**What is being asked**:
I need an exact copy of the lines from the one containing "Doodle drawing, chicken" through the end of the records, without any pictures.

Short web captions:
====================

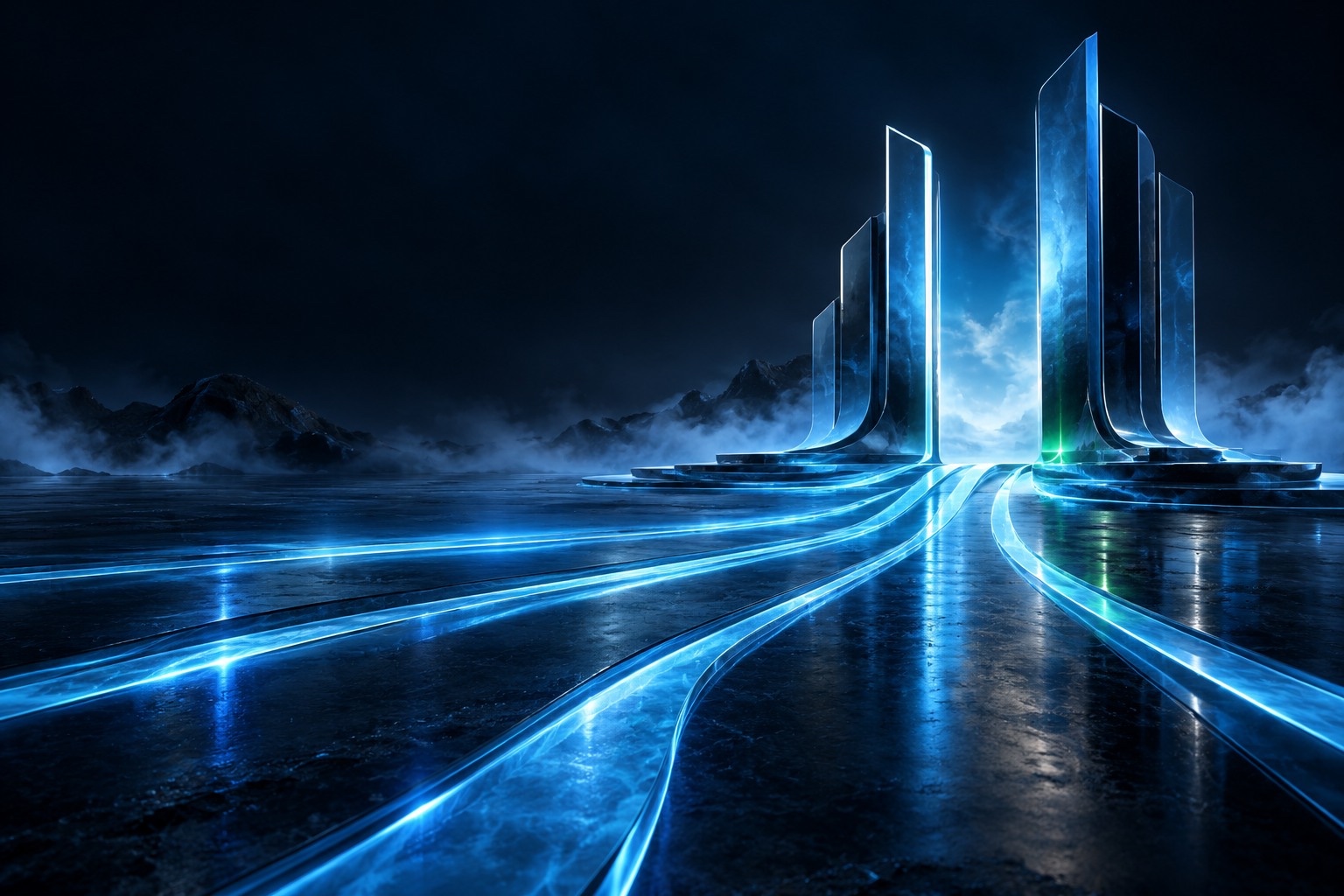 A luminous blue business pathway rising toward a connected, future-ready city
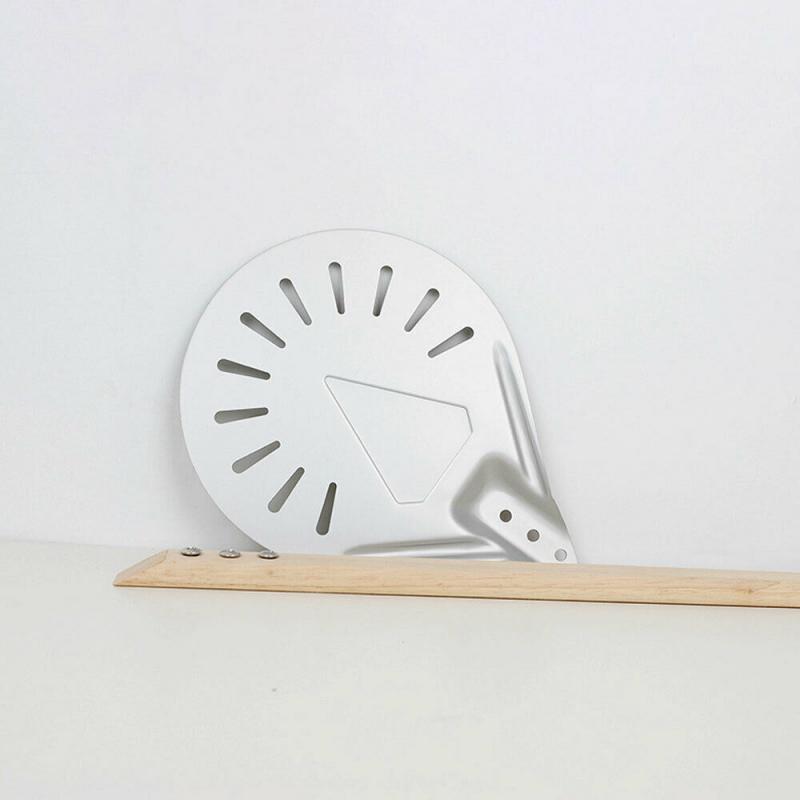 Perforated Pizza Turning Peel Pizza Shovel Aluminum Pizza Peel Paddle Short Pizza Tool Non Slip Wooden Handle Pizza Shovel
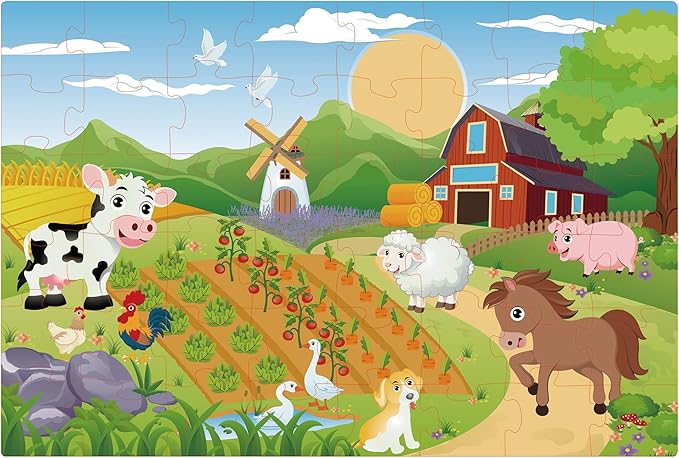 Farm Floor Puzzle for Kids 3-5: Educational Jigsaw Farm Scene - 48-Piece Large Puzzle 36 x 24 inches for Toddlers Learning Education Gift Family Activities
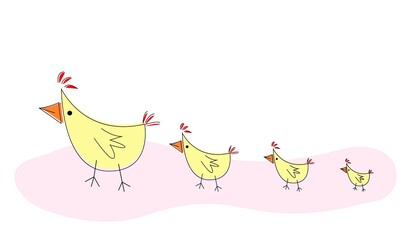 Doodle drawing, chicken doodle. Simple vector illustration of chicken with lines. Set of cute hens and chicks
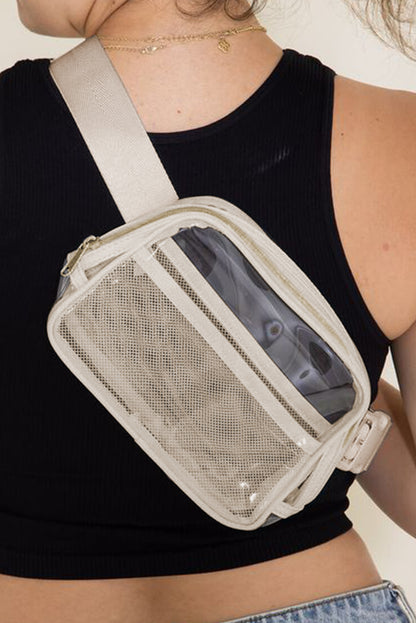 Brown Adjustable Straps Zipper Clear Waist Bag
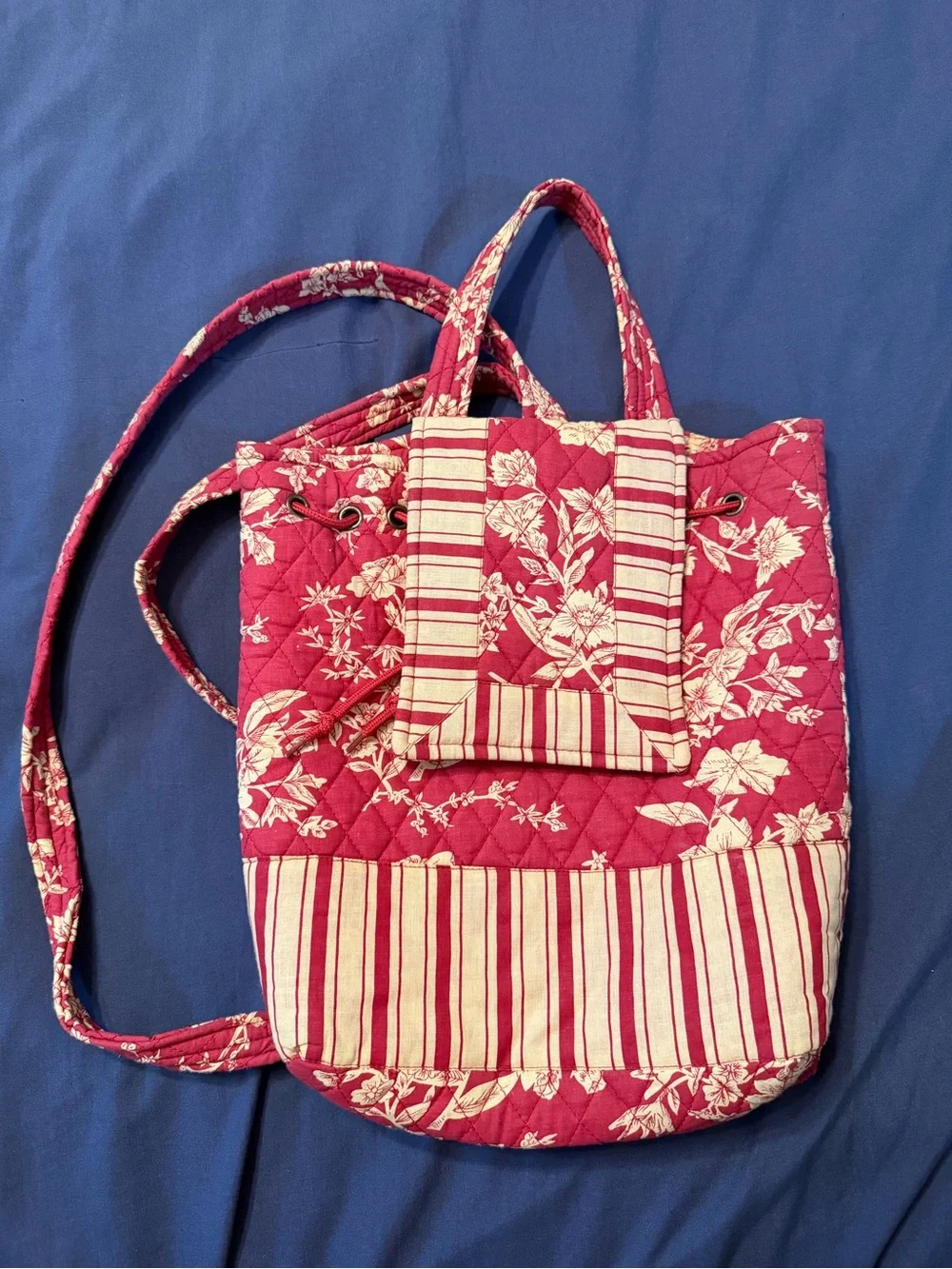 Quilted Floral Stripe Drawstring Backpack - Red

====================

**Exercise result**:
 Doodle drawing, chicken doodle. Simple vector illustration of chicken with lines. Set of cute hens and chicks
 Brown Adjustable Straps Zipper Clear Waist Bag
 Quilted Floral Stripe Drawstring Backpack - Red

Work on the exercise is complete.